Wednesday, December 29, 2004

Unconfirmed report (from Archaeology Magazine's web site) that Robson Bonnichsen has passed away.

Will relate more when we find out more.

Update: Amazon women of Roman Britain BURIED WOMEN ‘WERE IN AMAZON FIGHTING TRIBE’

TWO bodies unearthed from an ancient cemetery at Brougham, near Penrith, have changed experts’ views on Roman Britain.

For the 1,750-year-old remains – found at the site in the 1960s – have been identified as women warriors who may have been from the fabled Amazon fighting tribe of Eastern Europe.

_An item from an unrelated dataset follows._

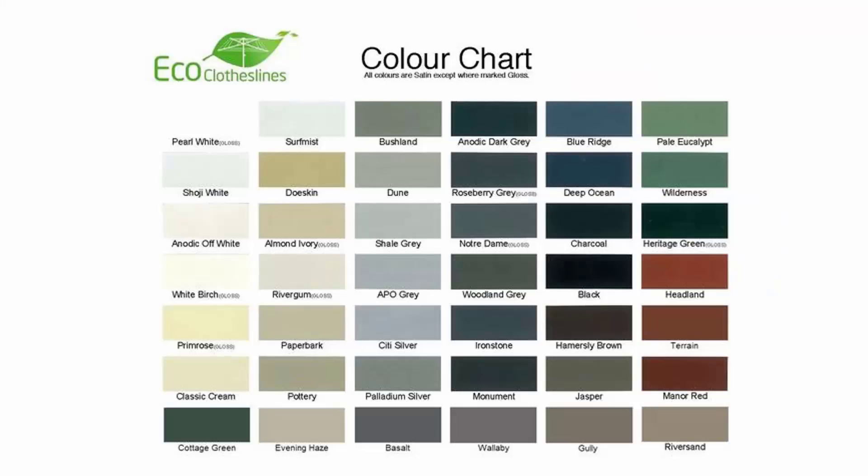The colour options for these products do vary. We recommend the Eco Clotheslines brand because you can get it in 45 Colorbond colours, so these can pretty much match any of your modern coloured surfaces in the modern home.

The discovery has astonished archaeologists and historians because women were not previously known to have fought in the Roman army, which occupied Britain between 55BC and AD410.

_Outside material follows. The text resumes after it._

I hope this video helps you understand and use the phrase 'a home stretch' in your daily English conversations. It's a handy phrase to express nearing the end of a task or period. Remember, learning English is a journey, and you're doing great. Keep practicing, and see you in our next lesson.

Their artists' conception of what the Amazon women may have looked like:

Our artists' conception of what the Amazon women may have looked like:

Who do you want to get your news from?

And a good thing it is Tomb of Genghis Khan receives some TLC

A large-scale renovation of the mausoleum of Genghis Khan is underway in Inner Mongolia.

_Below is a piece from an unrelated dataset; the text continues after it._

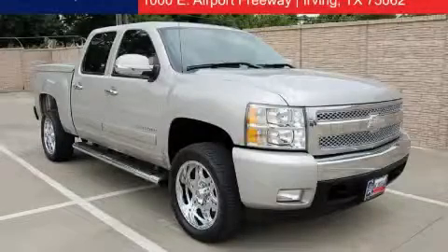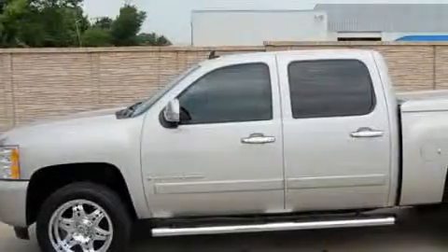This is a 2007 Chevrolet Silverado 1500, made for the job site, the trail, and the town.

The tomb of the founder of the Mongol Empire of the Middle Ages is in North China's Inner Mongolian Autonomous Region.The project at a cost of 180 million yuan (US$22 million will hopefully receive 50,000 tourists a year, said Mengkeduren, head of the mausoleum's administrative bureau.

Oops Relic Discovered Stolen After Over 2 Years

National Museum of Korea director Yi Kun-moo on Monday officially apologized for Gyeongju National Museum’s loss of a stone relic and announced that it will reinforce security of outdoor museum exhibits.

``We will focus on tightening security of the museum’s cultural possessions and according to the results of the criminal investigation, we will punish those who are responsible for its loss,’’ Yi said during a news conference at the National Museum of Korea in northern Seoul.

Cemeteries update Volunteers catalog old cemeteries

Metro's plans to add turn lanes at the intersection of Edmondson Pike and Cloverland Drive were interrupted recently when the 19th-century child's grave was found on the property.

Remnants of an old graveyard fence and the child's grave marker were discovered amidst overgrown vines and trees after Metro purchased an option on the property, according to Metro attorney Philip Baltz.

When Metro finds an old cemetery on land it wishes to use, it files a petition in Chancery Court to declare the cemetery unsuitable for interment and then hires a licensed funeral director to move the remains in accordance with state law, Baltz said.

That's a nice article detailing what happens with cemeteries in Tennessee and how burials developed over time from small family plots near the homesteads to large, central cemeteries later on.